▸ **SOURCE DATA**:
───
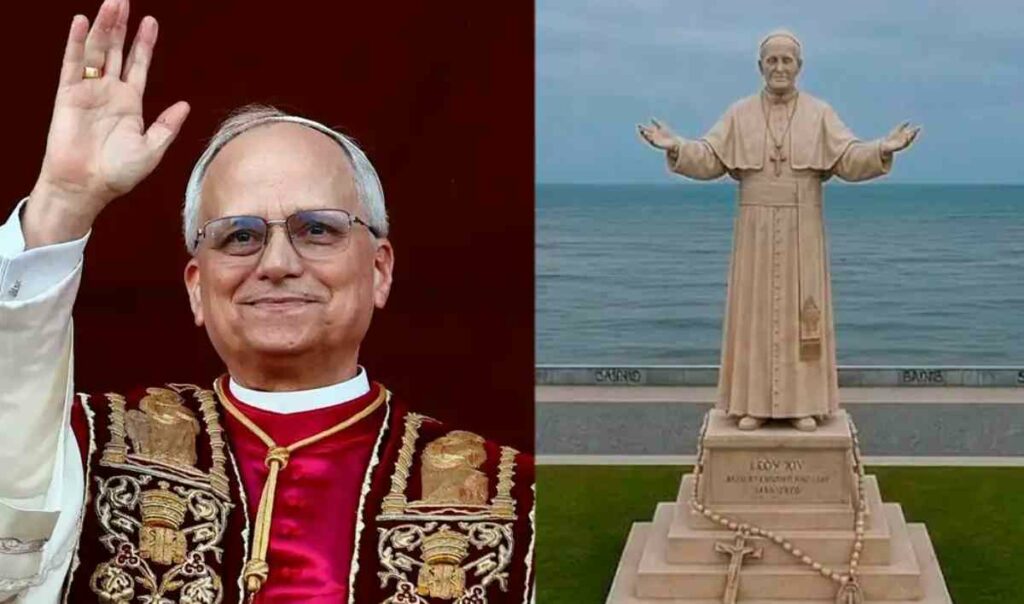 El monumento con su figura pretende ser el más grande del mundo dedicado al actual pontífice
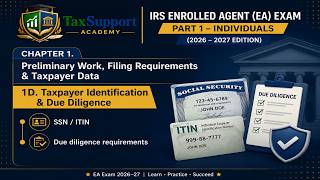 4/35 IRS Enrolled Agent (EA) Part 1 –Exam Preparation 2026–27 | Individuals | TaxSupport Academy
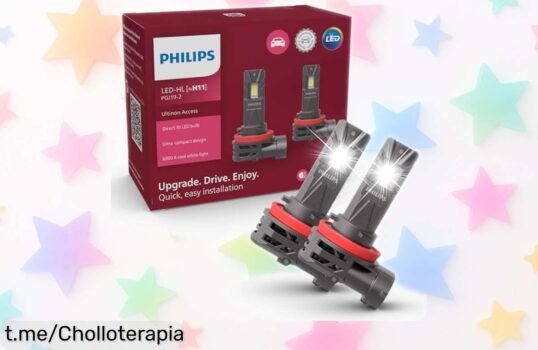 Súper lámparas LED Philips Ultinon para faros de coche, instalación sin líos y precio rebajado que no podrás dejar pasar. Ilumina tu camino con estilo ahora mismo.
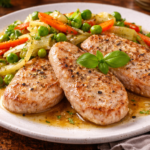 Krůtí medailonky s máslovou zeleninou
───
▸ **WORK ITEM**: The listing above should be repeated word for word, pictures removed.

▸ **TASK RESPONSE**:
 El monumento con su figura pretende ser el más grande del mundo dedicado al actual pontífice
 4/35 IRS Enrolled Agent (EA) Part 1 –Exam Preparation 2026–27 | Individuals | TaxSupport Academy
 Súper lámparas LED Philips Ultinon para faros de coche, instalación sin líos y precio rebajado que no podrás dejar pasar. Ilumina tu camino con estilo ahora mismo.
 Krůtí medailonky s máslovou zeleninou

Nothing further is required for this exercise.